Sahabat Alylaw bisa membaca Pasal 35 UU Tentang Perkawinan pada ayat 1 dan 2. Ketentuan itu menjelaskan tentang harta bersama dan harta bawaan.
Ayat 1
“Harta benda yang diperoleh selama perkawinan menjadi harta bersama.”
Ayat 2
“Harta bawaan dari masing-masing suami dan istri dan harta benda yang diperoleh masing-masing, sebagai hadiah atau warisan adalah di bawah penguasaan masing-masing sepanjang para pihak tidak menentukan lain.”
Maka dari itu, harta yang didapat selama pernikahan itu merupakan harta bersama, tidak boleh suami atau istri mengalihkan dengan cara menjual, menghibahkan atau memberikan kepada orang lain tanpa persetujuan suami atau istri.
Hal ini sesuai Pasal 36 ayat (1) UU Perkawinan: “Mengenai harta bersama, suami atau isteri dapat bertindak atas persetujuan kedua belah pihak.”
Lalu bagaimana caranya jika harta bersama itu sudah dipindah tangankan dengan cara dijual atau diberikan kepada pihak lain tanpa persetujuan suami atau istri?
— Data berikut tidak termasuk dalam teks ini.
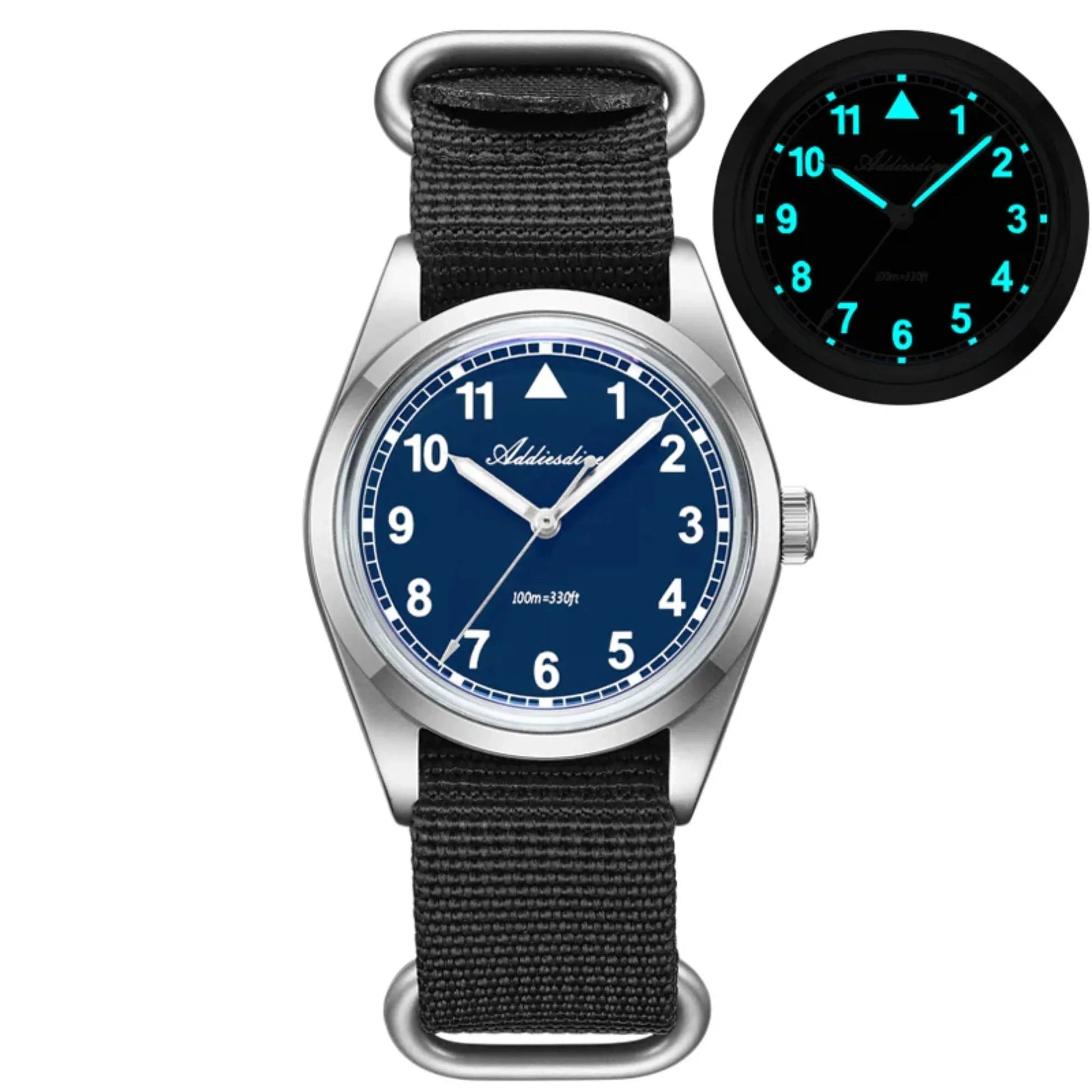 ADDIESDIVE 36mm VH31 Retro Pilot Field Watch AD2079 - DREAM WATCHES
Pertama tetap tenang dan minta kembali baik-baik harta itu secara kekeluargaan. Namun jika tahap pertama tidak bisa dilalui, suami atau isteri bisa memintanya melalui proses pengadilan (litigasi).
Jadi suami atau istri jika menjual harta bersama tanpa ada persetujuan maka bisa dikenakan sanski pidana dan perdata.
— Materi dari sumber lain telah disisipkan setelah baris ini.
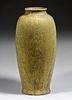 Tall Roseville Pauleo Matte Green Vase c1914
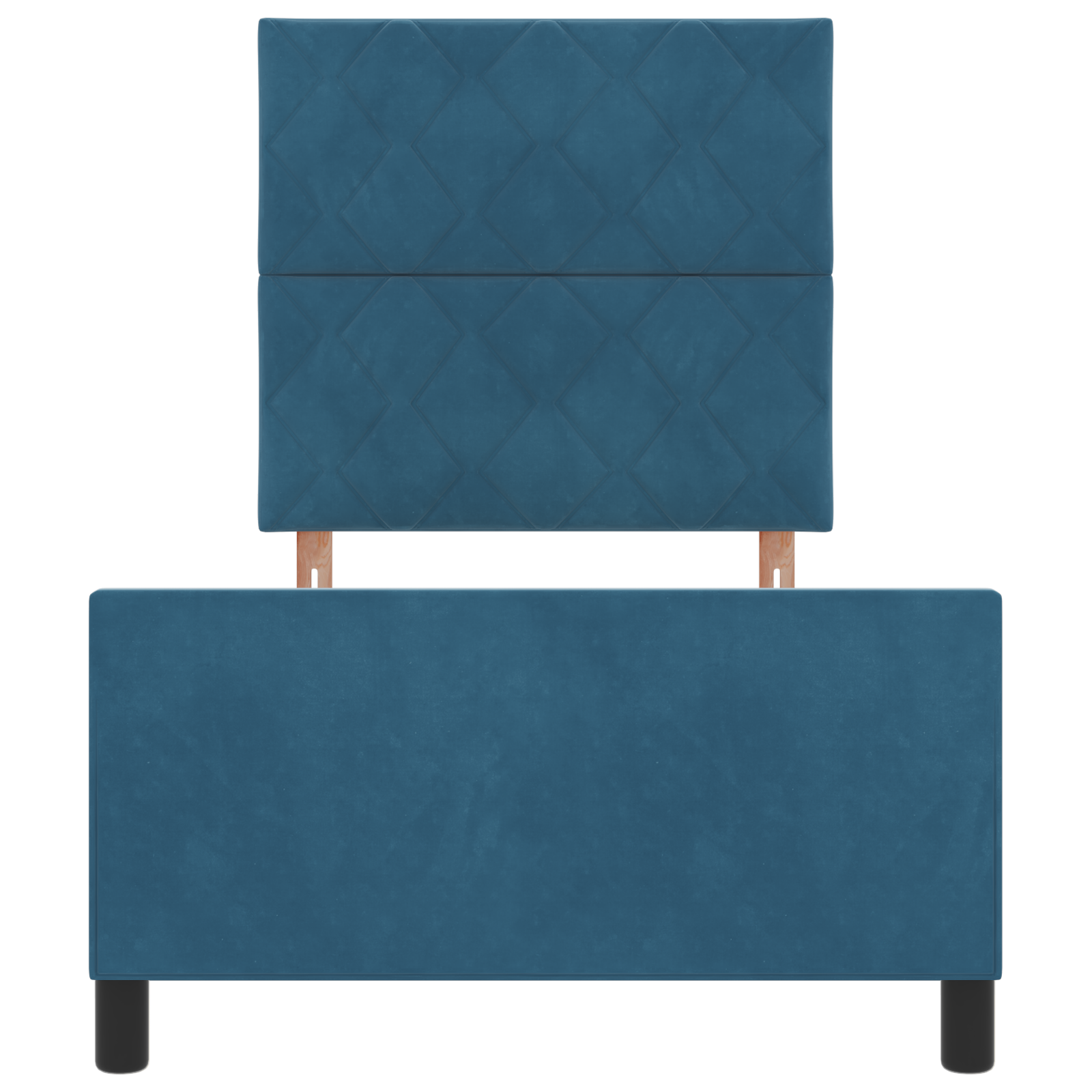 Bedframe fluweel donkerblauw 90x190 cm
Sanksi Pidana Pasal 372 KUHP
“Barangsiapa dengan sengaja dan melawan hukum memiliki barang sesuatu yang seluruhnya atau sebagian adalah kepunyaan orang lain, tetapi yang ada dalam kekuasaannya bukan karena kejahatan diancam karena penggelapan, dengan pidana penjara paling lama 4 (empat) tahun.”
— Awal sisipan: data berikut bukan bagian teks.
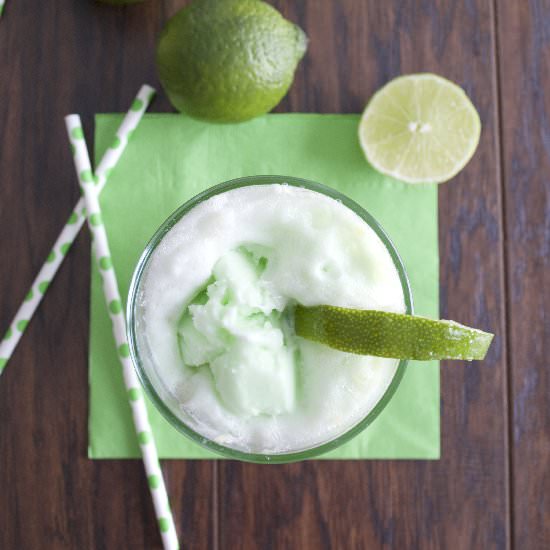 Lime Sherbet Floats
Sanksi Perdata Pasal 1365 KUHPerdata yaitu: ”Tiap perbuatan yang melanggar hukum dan membawa kerugian kepada orang lain, mewajibkan orang yang menimbulkan kerugian itu karena kesalahannya untuk menggantikan kerugian tersebut”.
Bahkan, berdasarkan Putusan Mahkamah Agung Nomor 701 K/Pdt.1977, menyatakan bahwa Jual beli tanah yang merupakan harta bersama disetujui pihak istri atau suami, harta bersama yang dijual suami tanpa persetujuan istri atau sebaliknya adalah tidak sah dan batal demi hukum.
“Sertifikat tanah yang dibuat atas jual beli yang tidak sah tidak mempunyai kekuatan hukum.”
Menurut Instruksi Presiden Nomor 1 Tahun 1991 tentang Kompilasi Hukum Islam pasal 92 yang berbunyi: “Suami atau istri tanpa persetujuan pihak lain tidak diperbolehkan menjual atau memindahkan harta bersama.”
Demikian Sahabat Alylaw. Semoga bermanfaat.